In the kitchen I fill two other 40l buckets with cold water, hot kettle water and dechlorinator and use the pump to pump it into the tank via a length of hose pipe. I have to do this as my hot water supply is ion exchange water softened and not suitable for fish tanks. The pump in the kitchen is on a radio controlled socket so I can turn the pumping off when tank is full. Also pumps quicker if buckets are on a work top rather then the floor as less differential height to pump.

Recently I have taken to using cold water straight from the kitchen cold tap, via hose pipe, as it makes water changes even quicker. Tank temp drops from 26 odd to 20 odd, but fish don't seem bothered, so will probably carry on this way. Remember to dose dechlorinator into tank before filling.

All easy peasy, not bucket shifting and pouring.
 
One thing to add, make sure when water changing to do it after lights out or a good few hours before lights on. ;)
 
will a clown loach be ok with dechlorinator because hes a loach or is there a special kind of dechlorinator for loaches? and do you guys put it in the tank and the new water buckets or just the tank?
 
Dechlorinators are safe for all fish.

There are two ways of dechlorinating. You can either dechlorinate each bucket before it goes in the tank, or add enough dechlor for the whole tank's volume into the tank before you start refilling. Either way works.
 
My tank has a drain plumbed in with a valve to drop the levels.

After that I attach the tap on the bucket to another line and let gravity trickle it in slowly.

The only thing I haven't done yet is get the bucket set up to refill from the water filter to it's final location. Apparently the OH thinks it looks ugly standing on a cupboard in the living room.
 
I just use a hose; syphon out down the drain, and refill through it, adding dechlor to the tank before refilling; you must dose for the whole tank volume though, not just what you're replacing, if you do it this way.

I'm really liking this idea. After changing 75% of my tanks water today I'm now thoroughly fed up of scooping water out of a bucket to refill my tank so as not to disturb the sand :p (though unfortunately I still do!).

However, I have separate taps for hot and cold water and so will have to put freezing cold water into the tank when using a hose, is this a problem for the fish?
 
It is important to temp match the water going back in.

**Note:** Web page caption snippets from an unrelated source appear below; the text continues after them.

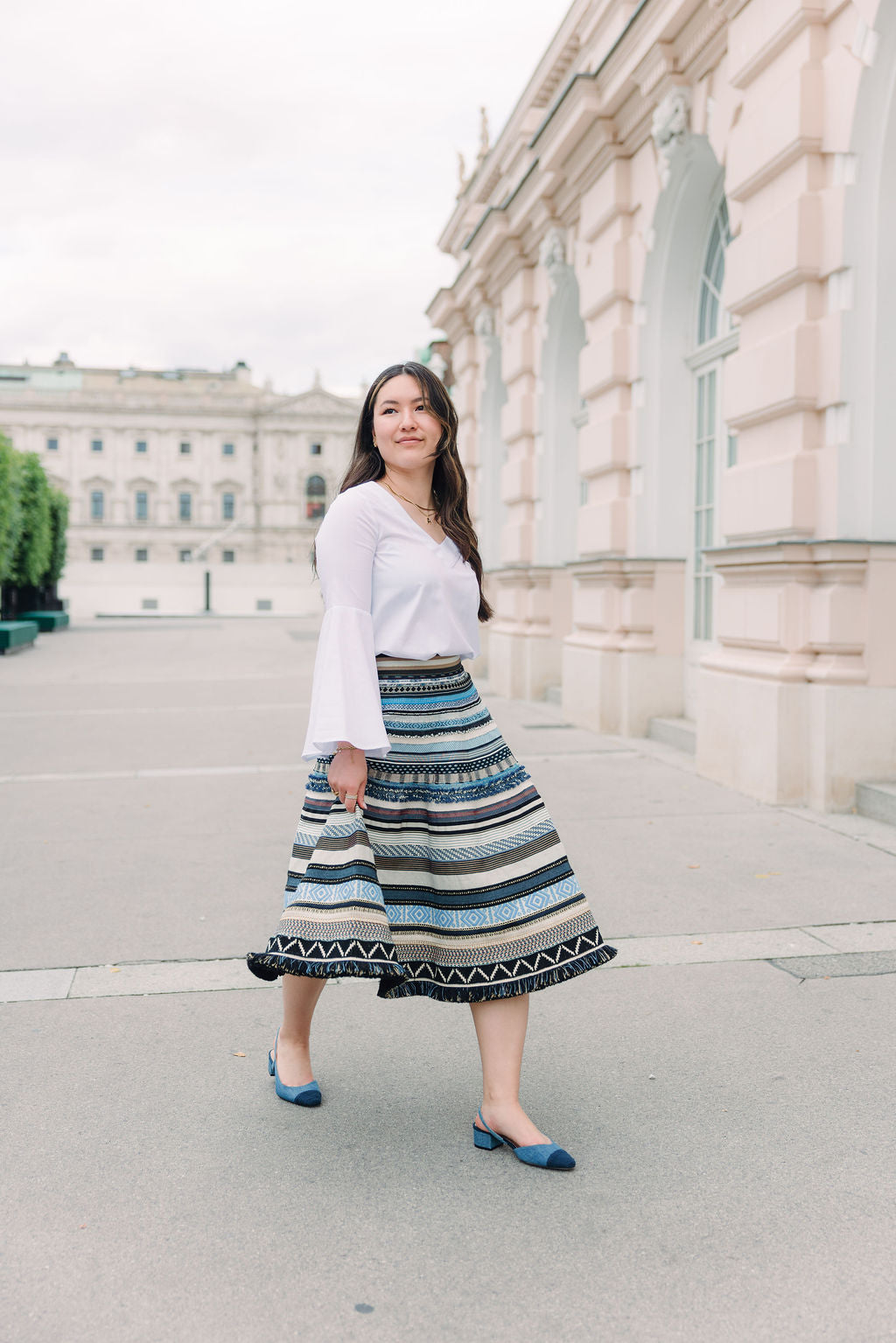 Navy Jeans Levis Slingback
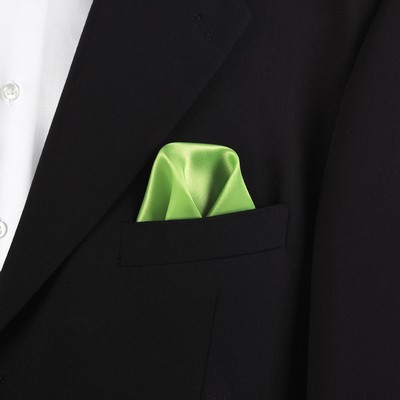 Lime Green Silk Pocket Square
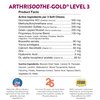 NaturVet Arthrisoothe Glucosamine for Dogs – Dog Supplement with Glucosamine, MSM, Chondroitin & Hyaluronic Acid – ArthriGold Level 3 – 240 Soft Chews
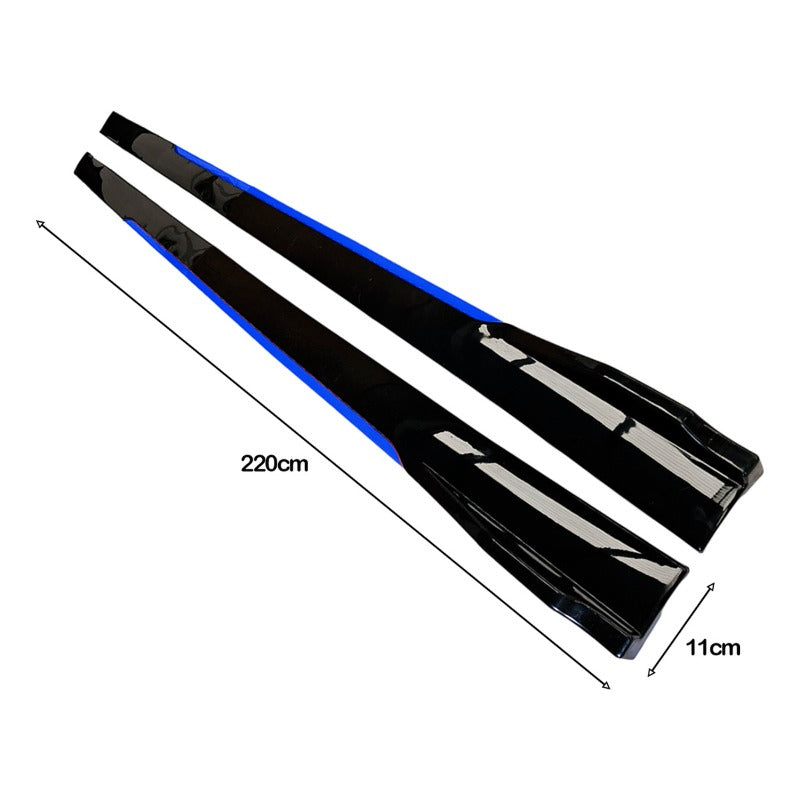 Estribo Lateral Filo Color Faldon 2.2m Universal 4pz Escalon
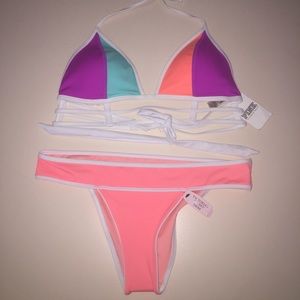 Victoria Secret 2Pc Bikini Cadged Top L Bottom M Victoria Secret 2Pc Bikini Cadged Top L Bottom M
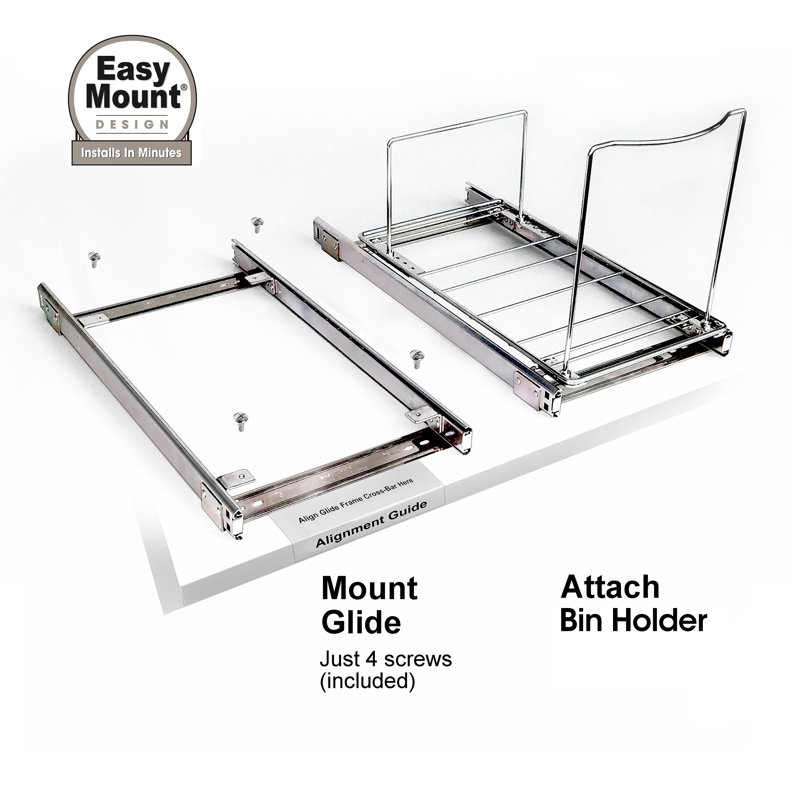Lynk Roll Out Bin Holder Pull Out Drawer Under Sliding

Can you use piping to connect both sides into one outlet and connect to that? I'm sure there are plumbing supplies the can work.

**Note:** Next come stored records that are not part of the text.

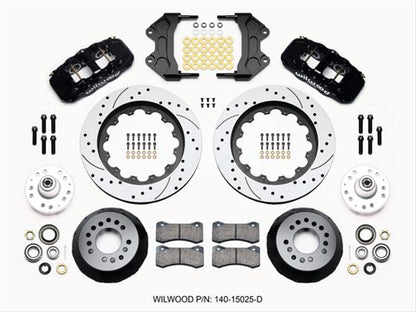 Wilwood AERO6 Big Brake Front Brake Kits 140-15025-D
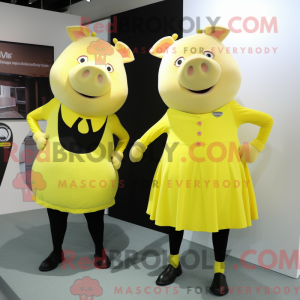 Lemon Yellow Sow mascot...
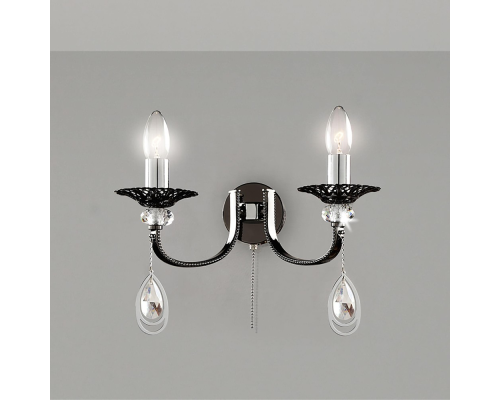 Citilux Оксфорд CL417321 Бра с выключателем Чёрный Хром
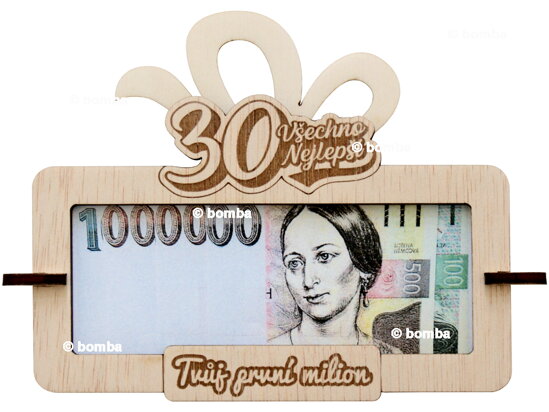 Tabulka na peníze Tvůj první milion k 30
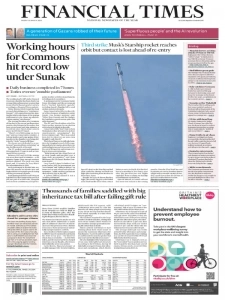 Financial Times - 15 March 2024 English | 24 pages | PDF | 48.2 MB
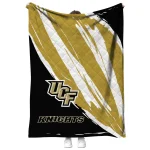 ucf knights stroke art gold white quilt blanket best selling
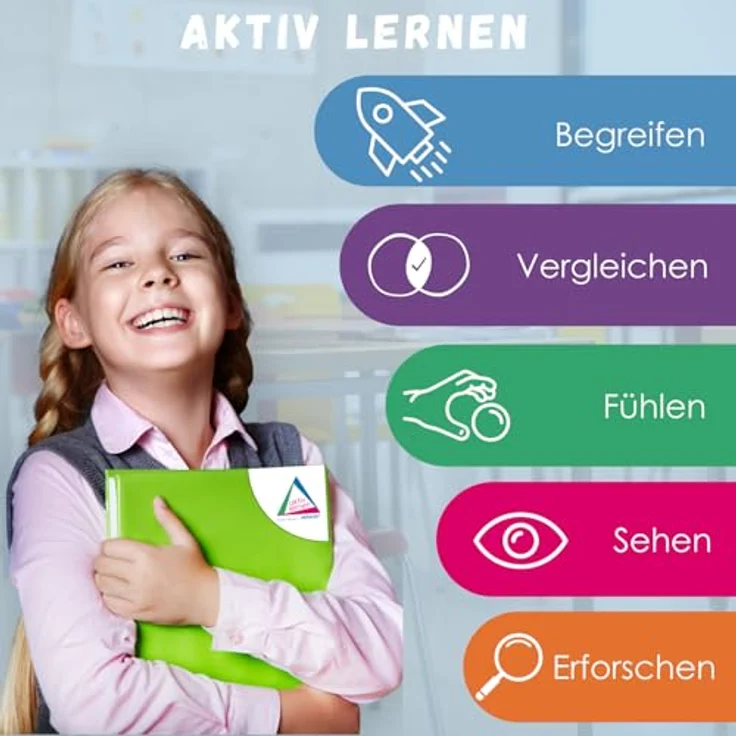 Wissner 039577.000 - Dezimalrechensatz zum Stecken,, farbig, Kunststoff, robust für die Schule, zum Rechnenlernen, empfohlen bei Rechenschwäche – Bild 7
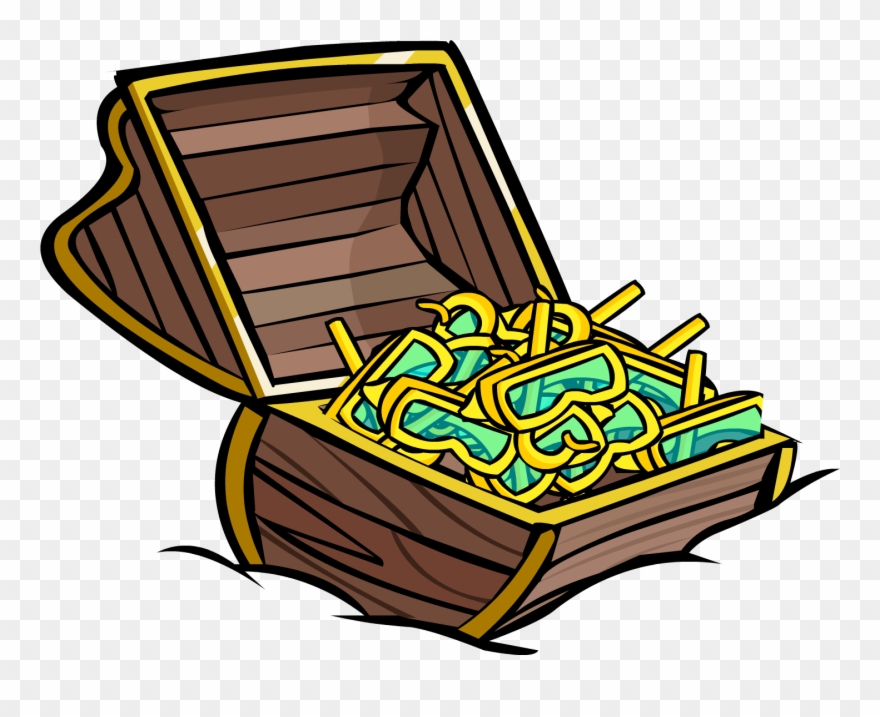 Yellow Snorkel Treasure Chest - Club Penguin Free Items Clipart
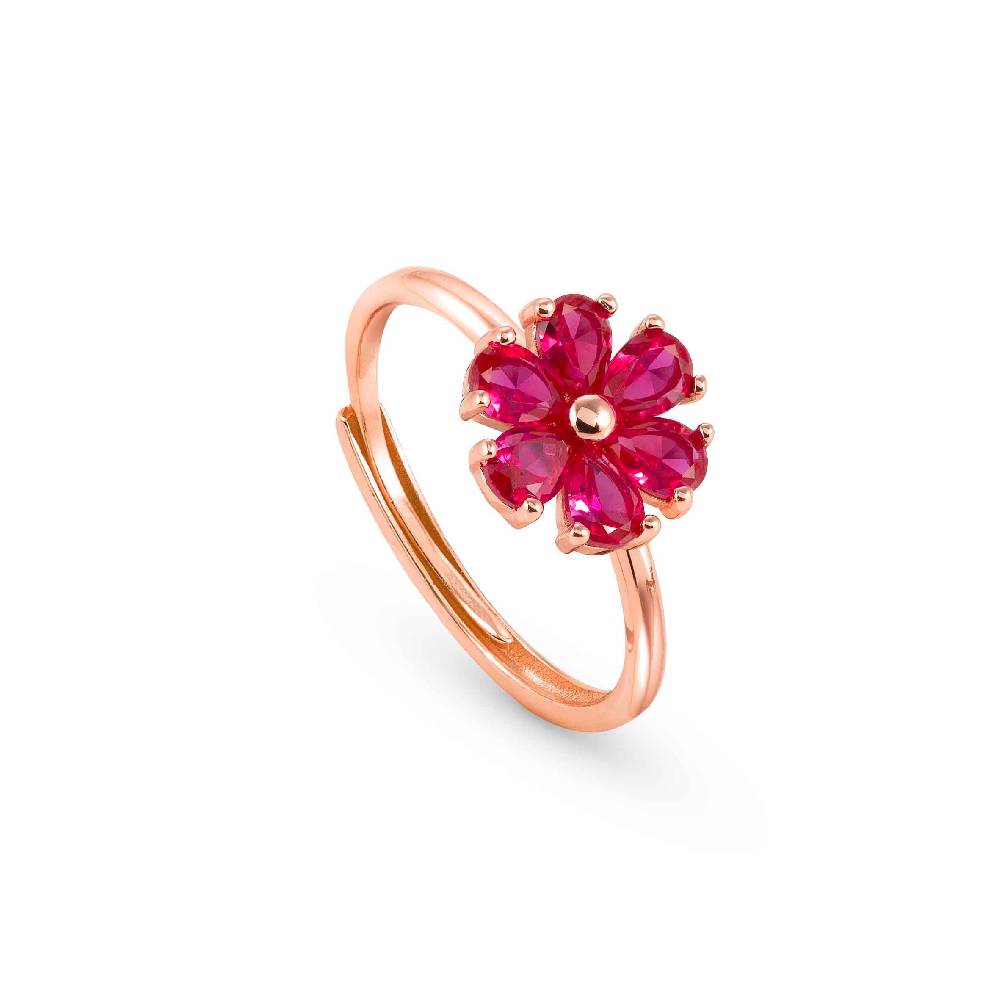 Nomination Anello Sweetrock Nature Fiore Oro rosa In Saldo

The only time I ever did that was with goldfish.


Thanks,
Steve
 
I don't have a mixer tap, so I use straight cold tapwater (dechlorinator in the tank first, and filters off, of course).

I find it's not a problem in changes of 50%, or even 60%; but you must trickle the water in very slowly, with the heater on if you're doing that. I take a couple of hours to refill a 240l tank after a 50% change, but I don't mind the extra time if I'm not having to lug buckets; I do add a few buckets of hotter water along the way, if it's very cold weather.